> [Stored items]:
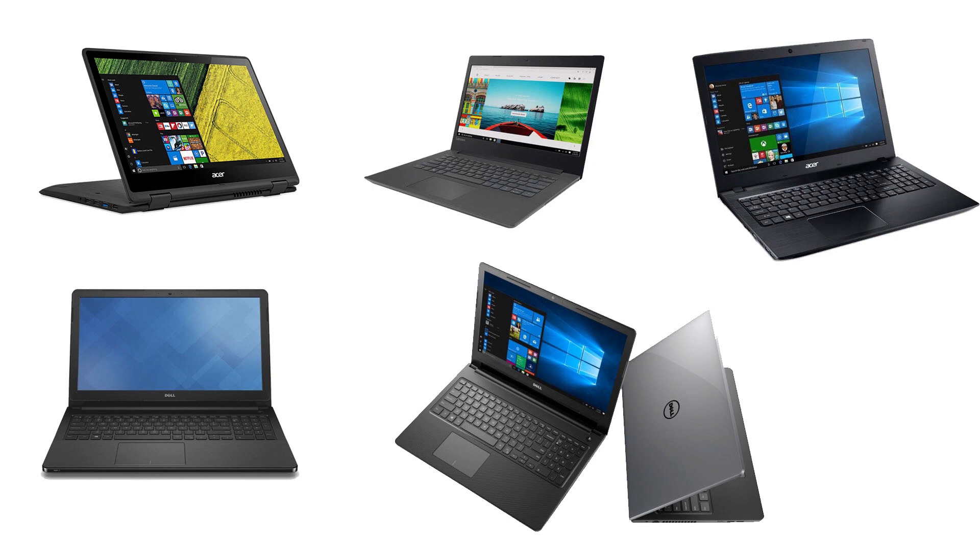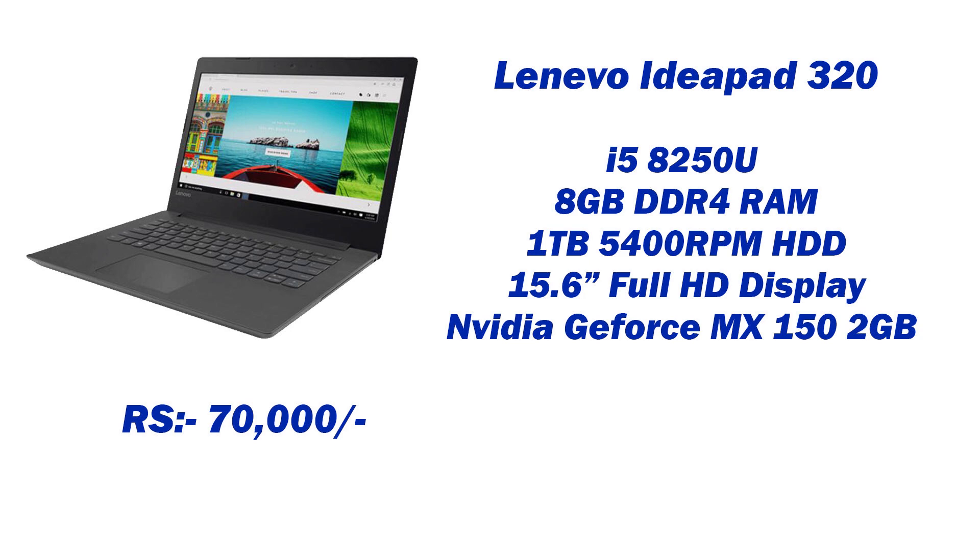If I have to choose any one of them, I would definitely choose the Lenovo IdeaPad 320.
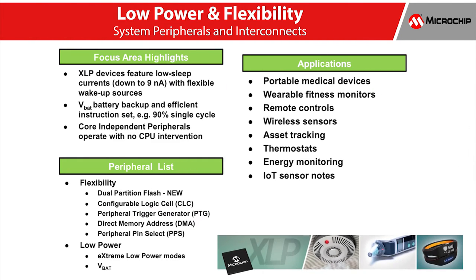As more electronic applications require low power or battery power, energy conservation becomes paramount. Today's applications must consume little power and in some cases last for years while running from a single battery. To enable these applications, devices with Microchip's extreme low power technology offer the industry's lowest currents for run and sleep.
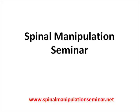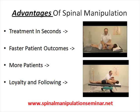If you're interested in learning about spinal manipulation techniques, we will be hosting an upcoming seminar that will deal exclusively with spinal manipulation techniques. The advantages of learning spinal manipulation include that you can apply treatment in a matter of seconds.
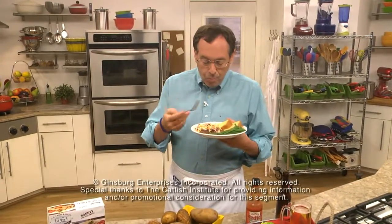I'm Howard in the Mr. Food Test Kitchen, where today we found a winning way for you to say, "Ooh, it's so good!"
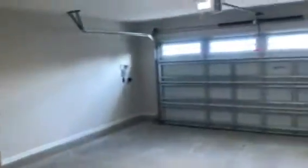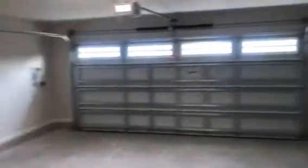This is the laundry room and garage. The sliding door leads to the back patio.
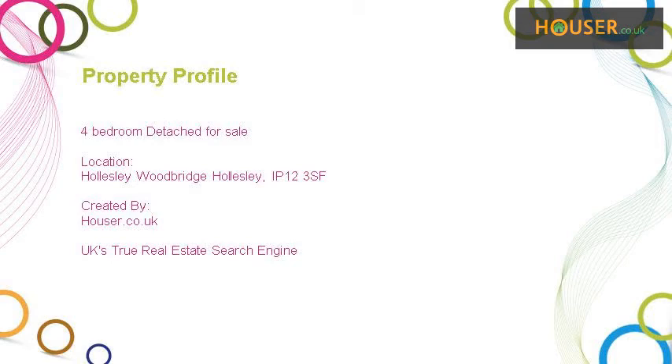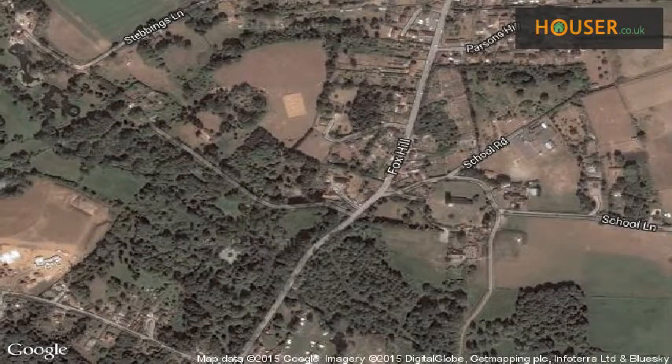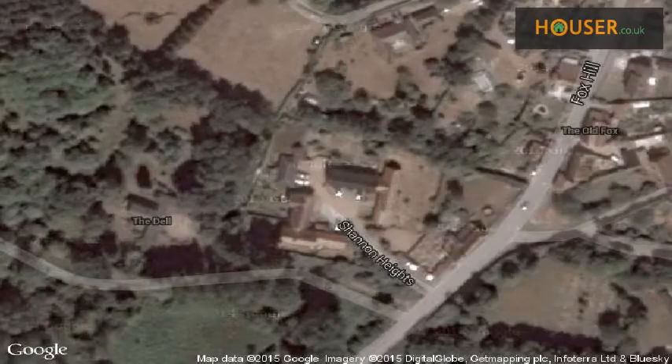Abbots Countrywide is pleased to present to the market this 4 bedroom detached for sale. This property is located on Hollisley Wood Bridge, Hollisley, IP12.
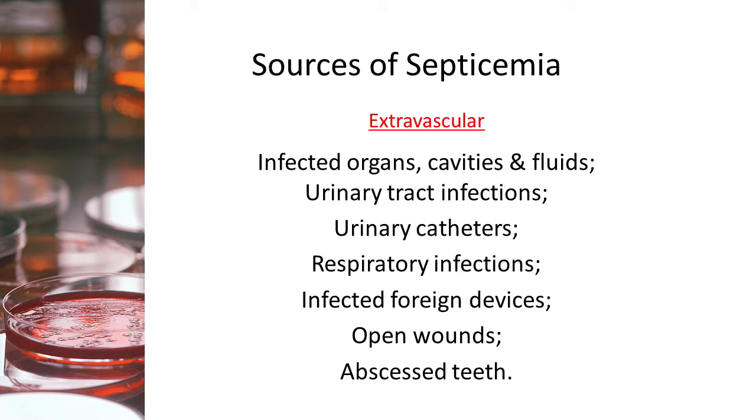Extravascular sources, on the other hand, are those external to the circulatory system but migrate into the bloodstream through the lymphatic system. Extravascular sources include infected organs, body cavities, and fluids like synovial fluid and spinal fluid. Urinary tract infections, especially from infected urinary catheters, are a very common source. Respiratory infections, infected foreign devices like artificial hips, pins and plates, impaled objects, open wounds, and abscessed teeth are all extravascular sources. All these can start as localized infections, then spread into the bloodstream and become systemic.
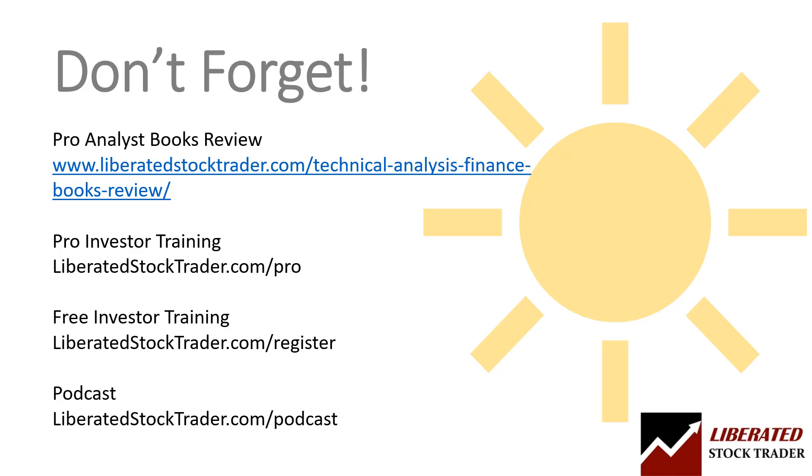I hope you enjoyed this episode. If you want a complete stock market investing education combining fundamental and technical analysis, risk and portfolio management — to give you the knowledge to invest with consistency and confidence — check out our pro training with 16 hours of video and the Liberated Stock Trader book at LiberatedStockTrader.com/pro. Also check out our free trading academy at LiberatedStockTrader.com/register, and download our back history of podcasts at LiberatedStockTrader.com/podcast. To your success.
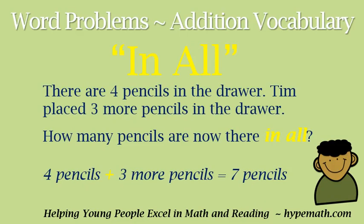The first phrase we will be going over is 'in all.' When we see 'in all' in word problems, we know we need to add. Let's look at an example: There are four pencils in the drawer. Tim placed three more pencils in the drawer. How many pencils are now there in all? We see the phrase 'in all' — that means we need to add. So four pencils plus three more pencils is equal to seven pencils.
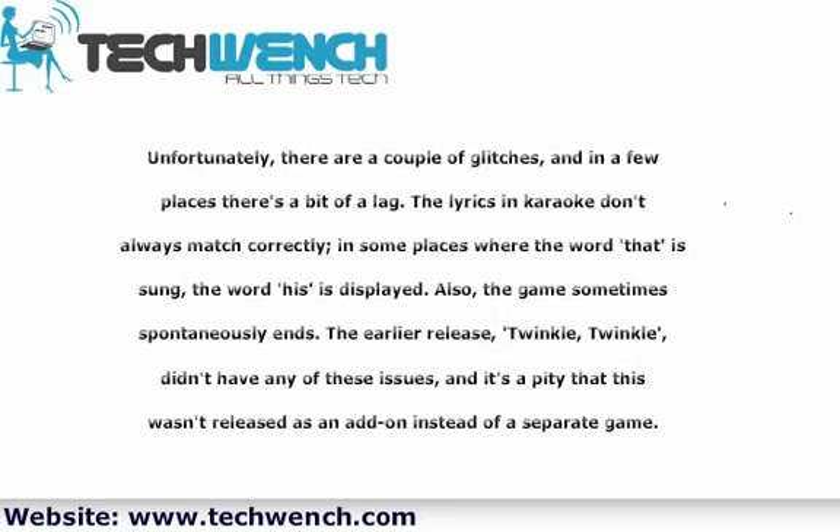The earlier release, Twinkle Twinkle, didn't have any of these issues, and it's a pity that this wasn't released as an add-on instead of a separate game.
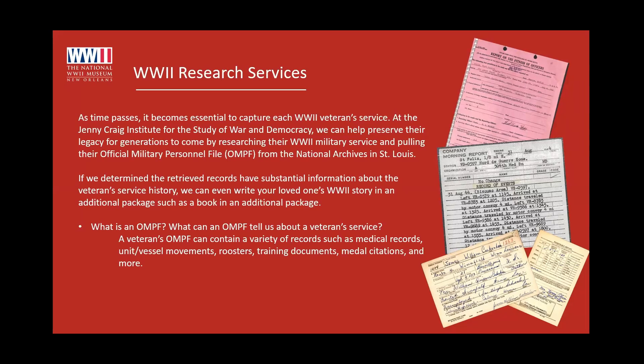One situation I had involved a veteran in the Battle of the Bulge. The morning report described how there was heavy rain, the foxhole was flooded, and he had to take his helmet and scoop the water out of the foxhole. These can be great little stories in the morning reports that people can miss when looking at a military file.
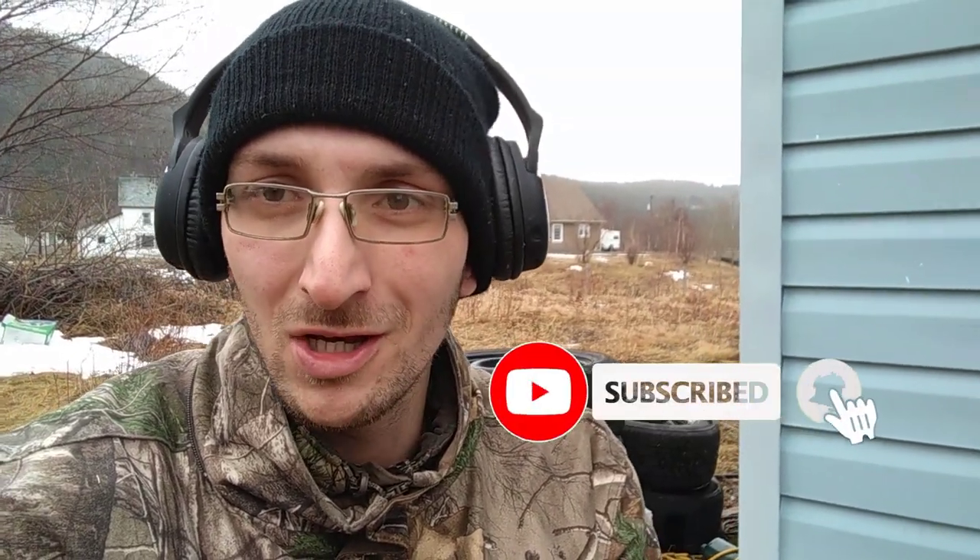Hello guys, welcome to Random on Norm. Today I'm milled out and bought my buddy's house. Now, there used to be an old house here years and years ago. I don't know when the house was built — I'd say in the late 1800s.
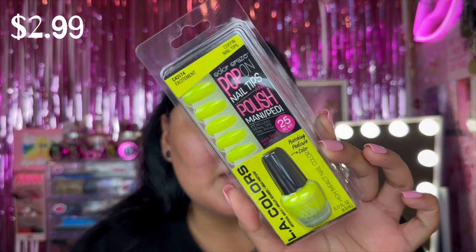I also picked up the Ellie Colors Color Craze Pop-On Nail Tips and Polish Mani and Pedi Kit. It includes 24 nail tips, one nail polish, in a 25-piece kit — note that nail glue is not included. The shade itself is so beautiful. I already filmed three videos before this today — a full face Dollar Tree, a Temu beauty haul, and a Dollar Tree haul — so it's been a long day and I'm still going to Knott's Scary Farm tonight.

> [WHAT IS EXPECTED]: Every record is to be restated word for word, with the pictures left out.

> [SOLVED EXERCISE]:
If I have to choose any one of them, I would definitely choose the Lenovo IdeaPad 320.
As more electronic applications require low power or battery power, energy conservation becomes paramount. Today's applications must consume little power and in some cases last for years while running from a single battery. To enable these applications, devices with Microchip's extreme low power technology offer the industry's lowest currents for run and sleep.
If you're interested in learning about spinal manipulation techniques, we will be hosting an upcoming seminar that will deal exclusively with spinal manipulation techniques. The advantages of learning spinal manipulation include that you can apply treatment in a matter of seconds.
I'm Howard in the Mr. Food Test Kitchen, where today we found a winning way for you to say, "Ooh, it's so good!"
This is the laundry room and garage. The sliding door leads to the back patio.
Abbots Countrywide is pleased to present to the market this 4 bedroom detached for sale. This property is located on Hollisley Wood Bridge, Hollisley, IP12.
Extravascular sources, on the other hand, are those external to the circulatory system but migrate into the bloodstream through the lymphatic system. Extravascular sources include infected organs, body cavities, and fluids like synovial fluid and spinal fluid. Urinary tract infections, especially from infected urinary catheters, are a very common source. Respiratory infections, infected foreign devices like artificial hips, pins and plates, impaled objects, open wounds, and abscessed teeth are all extravascular sources. All these can start as localized infections, then spread into the bloodstream and become systemic.
I hope you enjoyed this episode. If you want a complete stock market investing education combining fundamental and technical analysis, risk and portfolio management — to give you the knowledge to invest with consistency and confidence — check out our pro training with 16 hours of video and the Liberated Stock Trader book at LiberatedStockTrader.com/pro. Also check out our free trading academy at LiberatedStockTrader.com/register, and download our back history of podcasts at LiberatedStockTrader.com/podcast. To your success.
The first phrase we will be going over is 'in all.' When we see 'in all' in word problems, we know we need to add. Let's look at an example: There are four pencils in the drawer. Tim placed three more pencils in the drawer. How many pencils are now there in all? We see the phrase 'in all' — that means we need to add. So four pencils plus three more pencils is equal to seven pencils.
The earlier release, Twinkle Twinkle, didn't have any of these issues, and it's a pity that this wasn't released as an add-on instead of a separate game.
One situation I had involved a veteran in the Battle of the Bulge. The morning report described how there was heavy rain, the foxhole was flooded, and he had to take his helmet and scoop the water out of the foxhole. These can be great little stories in the morning reports that people can miss when looking at a military file.
Hello guys, welcome to Random on Norm. Today I'm milled out and bought my buddy's house. Now, there used to be an old house here years and years ago. I don't know when the house was built — I'd say in the late 1800s.
I also picked up the Ellie Colors Color Craze Pop-On Nail Tips and Polish Mani and Pedi Kit. It includes 24 nail tips, one nail polish, in a 25-piece kit — note that nail glue is not included. The shade itself is so beautiful. I already filmed three videos before this today — a full face Dollar Tree, a Temu beauty haul, and a Dollar Tree haul — so it's been a long day and I'm still going to Knott's Scary Farm tonight.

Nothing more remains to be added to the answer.